# DATA SHOWN:
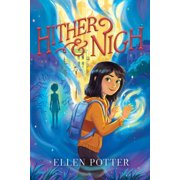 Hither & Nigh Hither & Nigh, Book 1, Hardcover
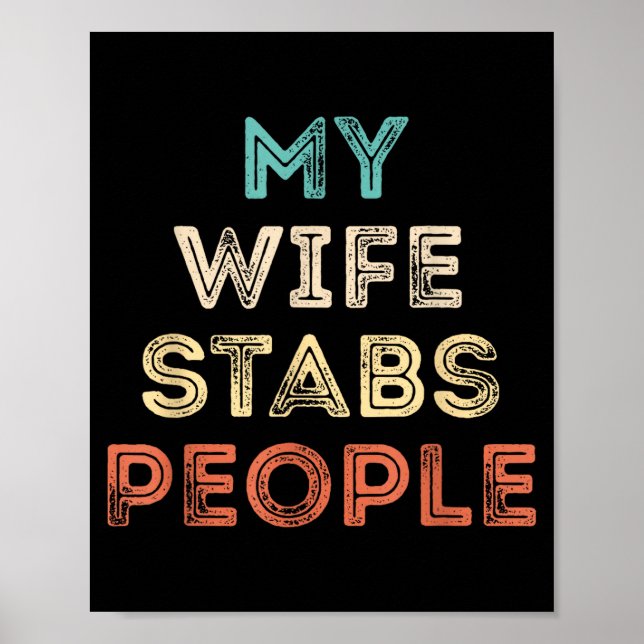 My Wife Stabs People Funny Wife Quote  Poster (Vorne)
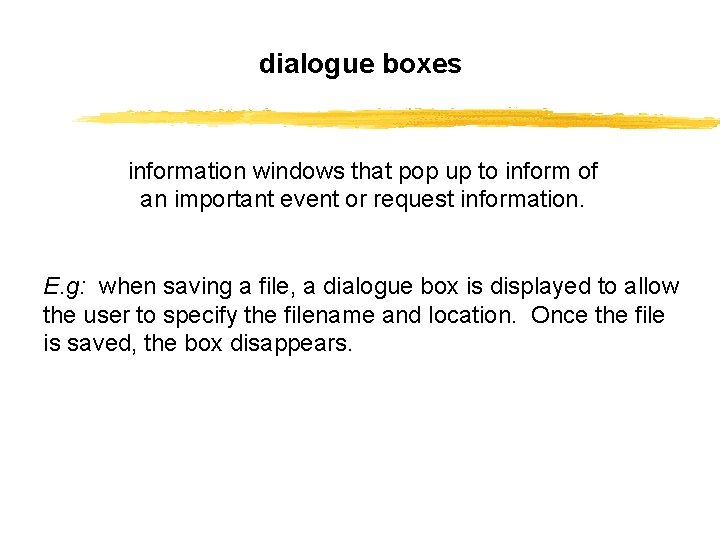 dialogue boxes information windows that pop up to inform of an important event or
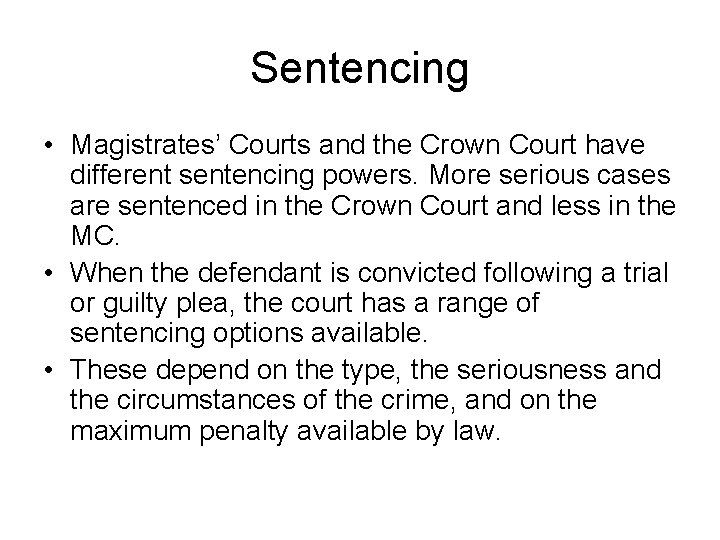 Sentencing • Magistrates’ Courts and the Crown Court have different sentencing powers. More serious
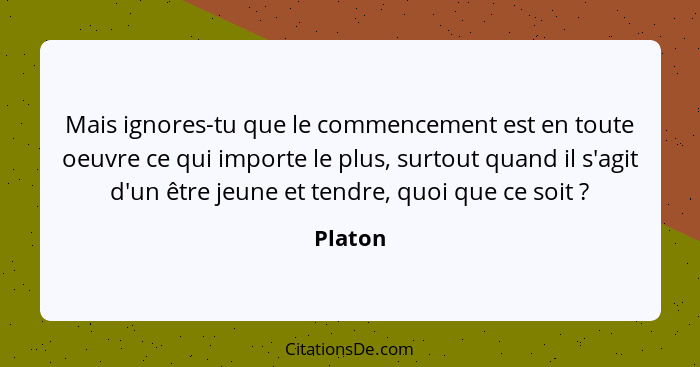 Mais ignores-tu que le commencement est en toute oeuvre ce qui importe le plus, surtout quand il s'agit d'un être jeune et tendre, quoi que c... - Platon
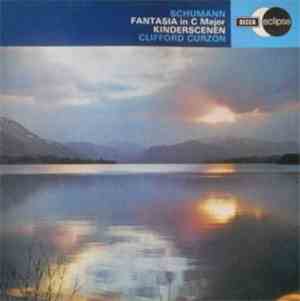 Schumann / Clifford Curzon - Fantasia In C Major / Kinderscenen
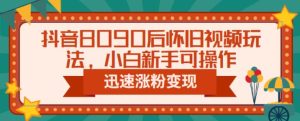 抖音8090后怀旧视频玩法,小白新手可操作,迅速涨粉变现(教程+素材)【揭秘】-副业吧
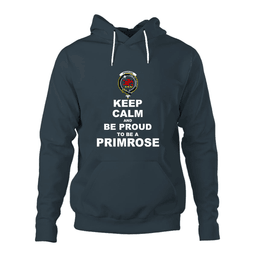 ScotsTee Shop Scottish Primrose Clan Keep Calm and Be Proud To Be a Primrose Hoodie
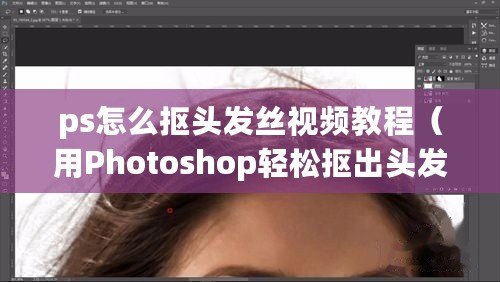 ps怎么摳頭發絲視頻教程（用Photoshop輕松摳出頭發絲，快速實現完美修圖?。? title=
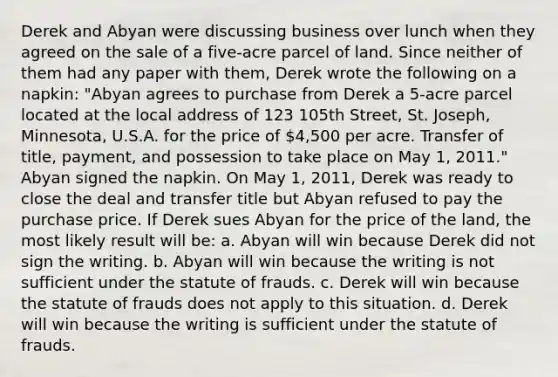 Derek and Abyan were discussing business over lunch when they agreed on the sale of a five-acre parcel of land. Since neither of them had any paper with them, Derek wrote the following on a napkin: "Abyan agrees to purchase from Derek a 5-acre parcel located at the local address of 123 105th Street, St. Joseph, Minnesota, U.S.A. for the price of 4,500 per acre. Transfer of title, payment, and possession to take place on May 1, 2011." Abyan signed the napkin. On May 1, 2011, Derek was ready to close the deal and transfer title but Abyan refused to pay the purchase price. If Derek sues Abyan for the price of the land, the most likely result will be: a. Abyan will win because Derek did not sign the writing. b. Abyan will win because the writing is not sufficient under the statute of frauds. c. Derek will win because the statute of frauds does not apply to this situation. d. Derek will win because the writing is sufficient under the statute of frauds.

# WHAT THE TASK ASKS:
From the listing above, repeat only the lines between the line containing "Schumann / Clifford" and the line containing "ps怎么摳頭發絲視頻教程（用", those two included. Pictures are not part of the copy.

# TASK SOLUTION:
 Schumann / Clifford Curzon - Fantasia In C Major / Kinderscenen
 抖音8090后怀旧视频玩法,小白新手可操作,迅速涨粉变现(教程+素材)【揭秘】-副业吧
 ScotsTee Shop Scottish Primrose Clan Keep Calm and Be Proud To Be a Primrose Hoodie
 ps怎么摳頭發絲視頻教程（用Photoshop輕松摳出頭發絲，快速實現完美修圖?。? title=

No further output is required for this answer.